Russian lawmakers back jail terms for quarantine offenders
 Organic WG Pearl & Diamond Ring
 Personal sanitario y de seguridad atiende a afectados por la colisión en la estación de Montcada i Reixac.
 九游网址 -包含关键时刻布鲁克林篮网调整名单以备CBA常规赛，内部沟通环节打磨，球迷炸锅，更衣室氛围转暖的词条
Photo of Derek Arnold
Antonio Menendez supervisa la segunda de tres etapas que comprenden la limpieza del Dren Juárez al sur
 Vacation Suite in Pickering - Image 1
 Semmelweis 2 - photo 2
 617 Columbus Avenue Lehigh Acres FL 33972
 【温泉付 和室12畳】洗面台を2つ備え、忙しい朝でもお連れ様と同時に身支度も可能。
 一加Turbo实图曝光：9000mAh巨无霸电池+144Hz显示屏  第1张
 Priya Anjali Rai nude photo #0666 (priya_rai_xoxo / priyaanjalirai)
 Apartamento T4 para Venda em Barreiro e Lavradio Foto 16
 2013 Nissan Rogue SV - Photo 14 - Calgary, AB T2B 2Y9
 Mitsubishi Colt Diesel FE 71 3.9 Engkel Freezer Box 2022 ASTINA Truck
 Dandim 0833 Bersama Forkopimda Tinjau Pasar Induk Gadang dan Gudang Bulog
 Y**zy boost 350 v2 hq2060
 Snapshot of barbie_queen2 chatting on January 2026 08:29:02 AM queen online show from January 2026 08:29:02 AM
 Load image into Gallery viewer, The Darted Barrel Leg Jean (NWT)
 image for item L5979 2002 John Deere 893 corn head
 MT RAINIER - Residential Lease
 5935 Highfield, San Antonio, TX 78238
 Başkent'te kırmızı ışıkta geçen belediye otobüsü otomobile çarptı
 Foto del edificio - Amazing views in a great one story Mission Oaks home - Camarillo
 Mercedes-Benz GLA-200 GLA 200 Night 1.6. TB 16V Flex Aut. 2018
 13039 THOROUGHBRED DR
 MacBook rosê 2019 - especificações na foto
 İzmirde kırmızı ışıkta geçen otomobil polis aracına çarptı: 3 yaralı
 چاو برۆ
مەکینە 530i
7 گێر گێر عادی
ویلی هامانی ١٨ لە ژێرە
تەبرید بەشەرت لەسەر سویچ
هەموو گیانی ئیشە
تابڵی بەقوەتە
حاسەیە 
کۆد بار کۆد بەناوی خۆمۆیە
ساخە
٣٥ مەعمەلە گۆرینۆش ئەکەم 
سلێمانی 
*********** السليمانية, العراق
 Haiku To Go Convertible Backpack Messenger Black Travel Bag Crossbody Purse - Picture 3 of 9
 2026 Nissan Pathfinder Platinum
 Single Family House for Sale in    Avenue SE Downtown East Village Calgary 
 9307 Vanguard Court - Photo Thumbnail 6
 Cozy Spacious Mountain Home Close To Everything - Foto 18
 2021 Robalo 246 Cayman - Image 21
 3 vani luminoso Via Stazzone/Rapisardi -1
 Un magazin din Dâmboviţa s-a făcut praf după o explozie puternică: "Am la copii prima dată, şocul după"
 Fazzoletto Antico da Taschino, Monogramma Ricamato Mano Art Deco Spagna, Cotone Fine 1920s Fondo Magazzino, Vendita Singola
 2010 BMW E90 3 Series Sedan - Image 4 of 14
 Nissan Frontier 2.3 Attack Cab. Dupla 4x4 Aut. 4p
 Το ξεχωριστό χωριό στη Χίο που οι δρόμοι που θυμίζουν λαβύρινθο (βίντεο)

===============

**What is required:**
Pull every line with "Calgary" from the records.

**Task output:**
 2013 Nissan Rogue SV - Photo 14 - Calgary, AB T2B 2Y9
 Single Family House for Sale in    Avenue SE Downtown East Village Calgary 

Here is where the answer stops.